November 3, 2010 • Newsroom Management • by

Image by Vincent Desjardins

“It is a priveledge to be a journalist in this country.”

And yet never has there been so much pessimism about journalism and its future than in these times. These are the words of Charles L. Overby, Chairman of the Freedom Forum and Diversity Institute – an independent foundation that strives to defend and safeguard the Constitution’s First Amendment – and CEO of the Newseum, the interactive museum on the history of journalism in Washington D.C.

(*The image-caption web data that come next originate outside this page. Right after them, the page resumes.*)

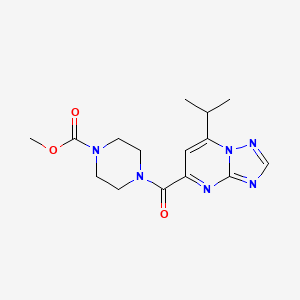 molecular formula C15H20N6O3 B5531786 methyl 4-[(7-isopropyl[1,2,4]triazolo[1,5-a]pyrimidin-5-yl)carbonyl]-1-piperazinecarboxylate 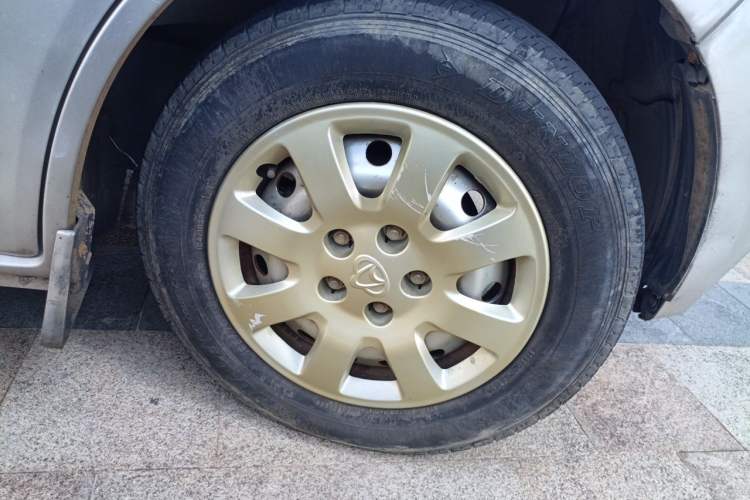 Used CHANGAN KAICHENG Ruixing M80 2014 1.5L Standard Version 4G15S Right Front Wheel Hub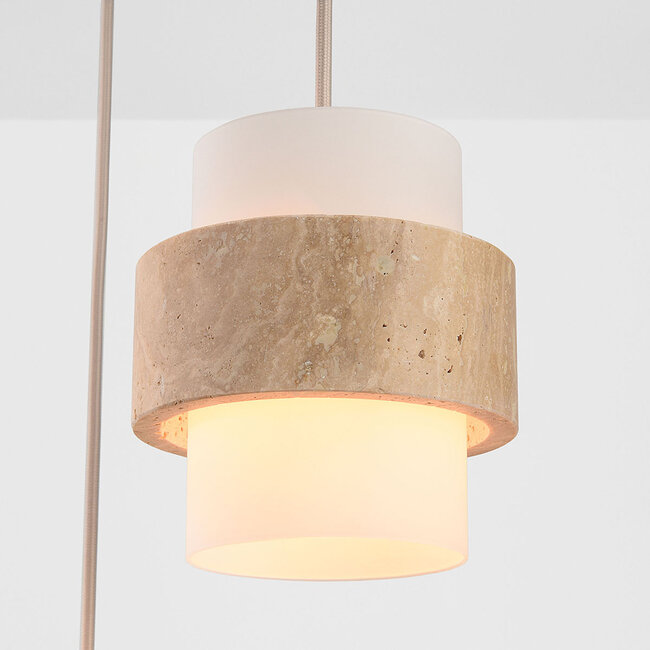 Riippuvalaisin Sani 3 kuvulla, travertiinia ja maidonvalkoista lasia - beige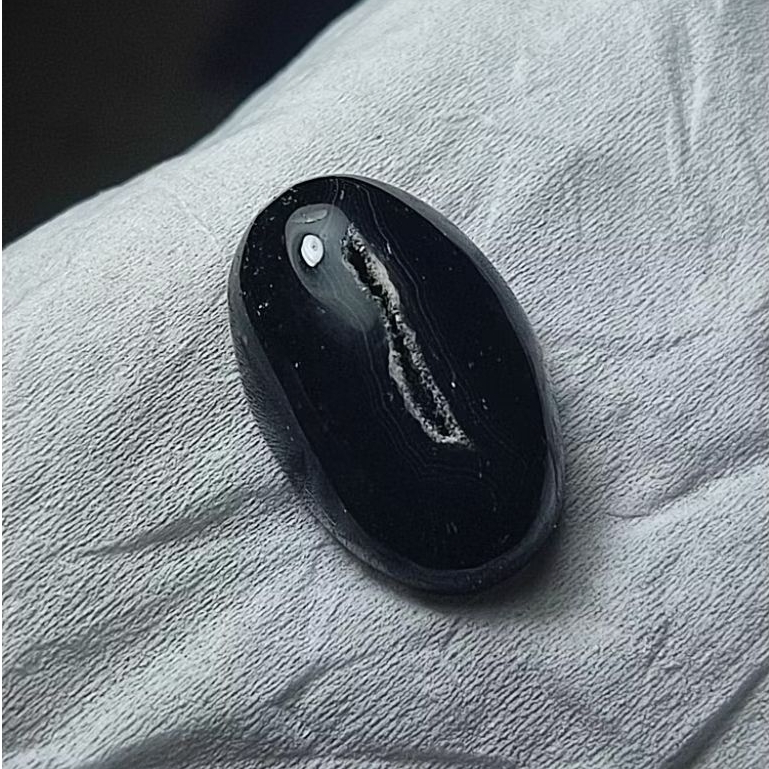 Batu combong yaman asli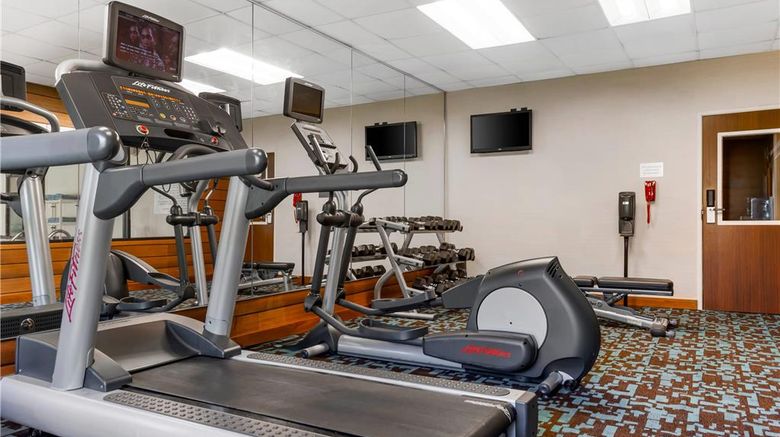 <b>Comfort Inn & Suites Health</b>. Images powered by <a href="https://iceportal.shijigroup.com/" title="IcePortal" target="_blank">IcePortal</a>.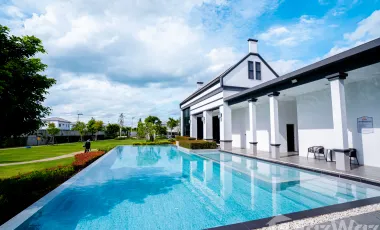 5 Bedroom Villa for sale in Lahan, Nonthaburi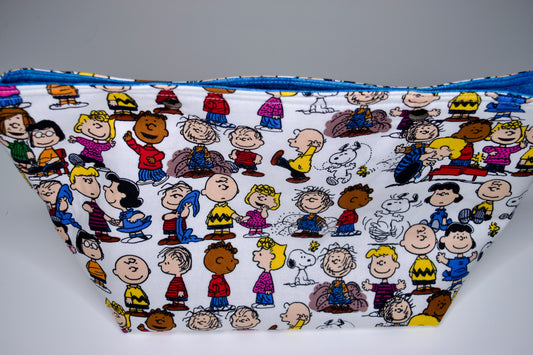 Peanuts / Blue Large Snap Pouch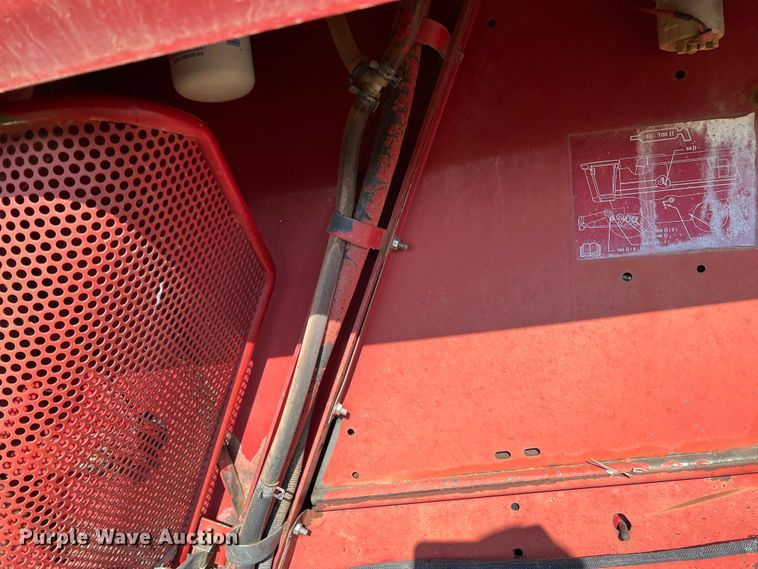 image for item DS8411 2000 Case IH 2388  combine
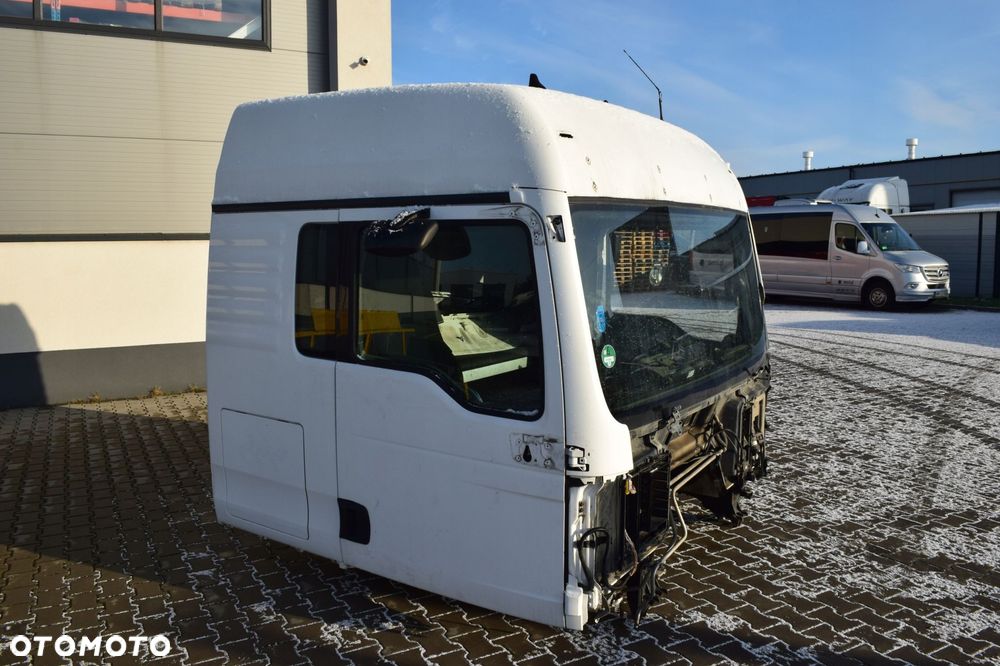 SZKIELET KABINY WRAZ Z DRZWIAMI MAN TGX E5 E6 - 7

In fact, the circulation figures of American dailies published in the Audit Bureau of Circulation are not very comforting: from April to September this year, 635 daily newspapers registered a decrease of 5 percent compared to the same period last year (the previous year’s decrease was even greater – 10 percent).  In particular, according to Overby’s information, the Washington Post lost 13 percent and the New York Times 8 percent.  The Wall Street Journal and USA Today are an exception, and confirm their positions as the most-read and most-sold newspapers – and their accounts are not in the red, they actually earn money.  Sunday editions on the other hand have seen a 4.5 percent drop and the edition with the largest readership is that of the NYT.

Overby believes the time has come for publishers to act and become the promoters of change, rather than suffering its consequences.  One of the greatest challenges, in his opinion, is to recover from one of our largest mistakes: offering content and news free on the Web.  Inverting the trend will not be easy for certain.  Publishers will have to explain to their readers why a product that, until now, has been available for free suddenly comes with a price.  And they shouldn’t be surprised if readers are reluctant.  It’s important to make audiences understand that a quality product, a unique product that translates to value, has a price.  This is also why copyright regulation must be introduced to protect content and force the brakes on news aggregators, he says.

Furthermore, Overby is hopeful about the future of journalism and of newspapers, even those in print. We haven’t heard the last word yet, especially as long as advertisers continue to prefer paper for their advertising and the press continues to control the agenda and the selection of news items.

Natascha Fioretti reports from Washington, where she attends the Edward R. Murrow Program for Journalists.